May 26, 2010 -- Here's something I wish I had known about when another driver plowed into my car, a car that was only five months old: diminished value.
The other driver's insurance company paid to fix my vehicle, but just the fact that it had been in an accident diminished its value. Rightly so. It was no longer as sound. One former general manager says his dealership used to automatically offer 30 percent less for a trade-in if it had frame damage.
But it wasn't my fault. When I went to sell the car, the pros easily could tell that it had been wrecked and rebuilt. That other driver -- or her insurance company -- should have paid me for that. I couldn't get as much for the car, so I didn't have as much to put toward my next car.
Many people don't think about the new, lower value of their vehicle in the aftermath of an accident. Instead, we just worry about how long it's going to take for the body shop to fix the darn car so we can get back to our lives. If you have a newer vehicle or an expensive one, you must ask to be compensated for diminished value.
The insurance company won't offer. Insurance companies try to avoid paying for diminished value.
It's important to pursue a diminished value claim right away, because most states have a statute of limitations on property damage claims, often three years.
Most insurance contracts prevent you from making a diminished value claim against your own insurance company. Where you may succeed is by going after the other driver's insurance company because you don't have a contract with them.
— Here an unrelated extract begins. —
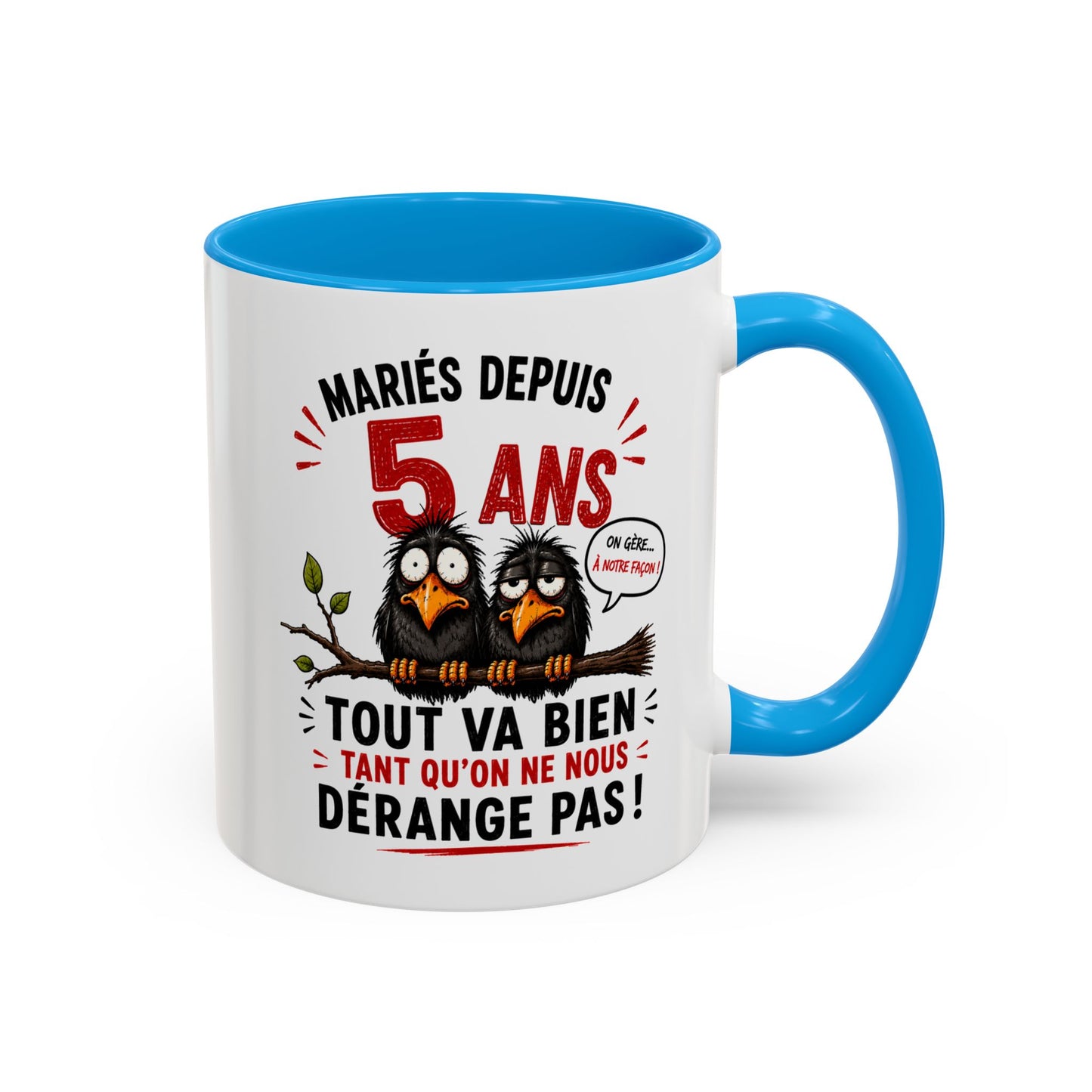 Tasse Mariés Depuis 5 Ans – Mug Humour Anniversaire de Mariage Homme Femme – Cadeau Couple 5 Ans de Mariage 325 ml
Plus, the whole point is that the accident wasn't your fault, right?
If the other driver's company resists, consider small claims court to collect diminished value. It should be a fairly easy case to prove: What was your car worth before the crash? How much less is it worth now because it was in an accident? You can also find a bunch of law firms online that specialize in getting people paid for diminished value.
Some of those firms estimate that the average value lost when a vehicle is in an accident is 33 percent. So let's say your car is worth $14,990. (I know, $15,000 would be easier math, but I'm trying to think like a used car dealer!) If you succeed with your diminished value claim, that 33 percent difference becomes your savings. Take a look:
Why Diminished Value Matters
Ford Taurus value before accident: $14,990
Ford Taurus value after accident: $9,893
BIG SAVINGS= $5,097
$5,097 is a meaningful amount of money that you deserve to put toward your next car. Pursue diminished value and you can SAVE BIG.